I have simplified the problem and found the derivative, which is $4x^3-9x^2+4x-7$, which is correct. I just do not know how to find the equation of the tangent line at the point where $x=1$.
If you could please use step by step solving, that would be greatly appreciated.
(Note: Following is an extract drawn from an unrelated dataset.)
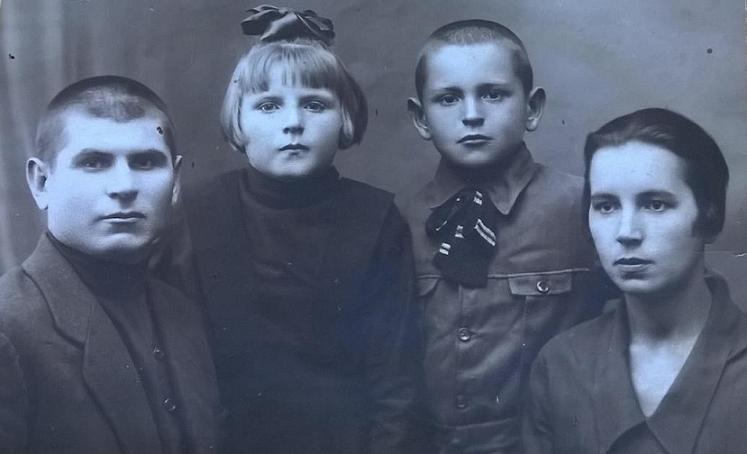О мире и о войне. Воспоминания моей бабушки _3.jpg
Thank you!
 A: At $x=1$:


*

*$f(x)$ evaluates to $-4$, and together with $x$ this gives a point the tangent line passes through

*The derivative of $f(x)$, which gives the slope of the tangent line, evaluates to $-8$


Now all you need to do is substitute these values into the equation of a line to obtain the $y$-intercept:
$$-4=-8\cdot1+c\implies c=4$$
Hence the equation of the tangent is
$$y=-8x+4$$
A: I'm really glad you asked this question because it will enable me to share this nice trick I discovered to solve for the tangent line of any function differentiable at $x=a$.
First I'll give you the result:

Law 1.1
If $f$ is differentiable at $x=a$, then the tangent line of $f$ at $a$, denoted by $f^t_a(x)$ is
$$f^t_a(x)=f'(a)x-f'(a)a+f(a)\tag{1}$$
Derivation:
The slope of the tangent line is $f'(a)$. Because $f^t_a(x)$ is linear, it has the form $${f^t_a(x)=mx+b}\tag{2}$$ where $m=f'(a)$.
Now all we need to do is solve for $b$. We can do this by plugging in the point $(a,f(a))$ into $(2)$. $$f(a)=f'(a)a+b\implies {b=f(a)-f'(a)a}\tag{3}$$.
Plugging $(3)$ into $(2)$ we obtain $(1)$.

In your case, $$f'(x)=4x^3−9x^2+4x−7$$ $$f(x)=(x^2+2x-1)(x-3)$$ where $a=1$.
Thus
$$\bbox[yellow]{f^t_a(x)=f'(1)x-f'(1)+f(1)\\=(-8)x+8-4\\=(-8)x+4}$$